Dahnil menilai jikalau Presiden meminta maaf kepada PKI, hal ini cenderung akan menimbulkan pertentangan gres yang berkaitan dengan Isu PKI, kata Dahnil, bukan hanya wacana pembunuhan pada para pahlawan revolusi, tapi juga berkaitan dengan pembangkangan pada Idiologi Pancasila.

"Pemerintah Indonesia bukan perlu meminta maaf kepada PKI, namun hendaknya membentuk semacam tim untuk menyelidiki kejahatan HAM di masa lalu," ujarnya.

Pemerintah pun diminta untuk membongkar kejahatan HAM secara menyeluruh. 

Dan menurut Dahnil, pemerintah tidak hanya perlu untuk menyelidiki kasus pembunuhan tokoh-tokoh PKI, namun juga pembunuhan terhadap ulama dan juga tokoh-tokoh Islam pada 1940-an yang dilakukan PKI, termasuk juga penahanan dan pembunuhan pada kader-kader Masyumi.

"Perlu diingat, harus dibongkar seluruhnya dan jangan parsial.
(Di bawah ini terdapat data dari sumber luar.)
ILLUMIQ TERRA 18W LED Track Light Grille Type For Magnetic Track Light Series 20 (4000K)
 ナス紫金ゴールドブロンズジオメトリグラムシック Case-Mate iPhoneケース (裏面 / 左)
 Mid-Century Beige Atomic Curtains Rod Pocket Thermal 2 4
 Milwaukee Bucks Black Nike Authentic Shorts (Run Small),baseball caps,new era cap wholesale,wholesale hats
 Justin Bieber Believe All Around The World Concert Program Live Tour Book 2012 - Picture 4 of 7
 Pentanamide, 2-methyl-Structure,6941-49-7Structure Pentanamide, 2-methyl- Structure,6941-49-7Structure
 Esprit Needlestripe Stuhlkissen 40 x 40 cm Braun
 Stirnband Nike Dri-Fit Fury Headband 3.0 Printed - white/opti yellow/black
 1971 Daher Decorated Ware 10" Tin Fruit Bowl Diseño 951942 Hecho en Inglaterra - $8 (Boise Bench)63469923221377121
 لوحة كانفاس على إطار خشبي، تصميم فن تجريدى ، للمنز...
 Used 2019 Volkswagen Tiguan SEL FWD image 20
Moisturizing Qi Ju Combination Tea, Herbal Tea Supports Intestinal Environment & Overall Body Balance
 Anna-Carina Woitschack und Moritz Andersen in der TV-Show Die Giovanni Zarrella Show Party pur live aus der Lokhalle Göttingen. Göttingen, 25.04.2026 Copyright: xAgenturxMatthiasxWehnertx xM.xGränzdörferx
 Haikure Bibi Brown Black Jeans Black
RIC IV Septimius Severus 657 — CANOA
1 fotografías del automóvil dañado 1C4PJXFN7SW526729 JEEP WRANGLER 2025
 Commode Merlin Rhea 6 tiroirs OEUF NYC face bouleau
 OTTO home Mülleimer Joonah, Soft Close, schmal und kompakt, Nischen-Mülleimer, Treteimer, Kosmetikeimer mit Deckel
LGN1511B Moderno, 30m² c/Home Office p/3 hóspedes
Dalam kasus ini harus obyektif dan adil alasannya yakni ini membicarakan HAM," ujar Dahnil.


Film Dokumenter The Act of Killing

Lindsay Oliver

Lindsay Oliver is a talented writer who has made a name for herself at www.origincars.uk, a popular online platform that specializes in writing about cars and the automotive industry. With a passion for writing and a deep interest in the world of cars, Lindsay has become an authority in her field, regularly sharing her insights and knowledge with readers from all over the world.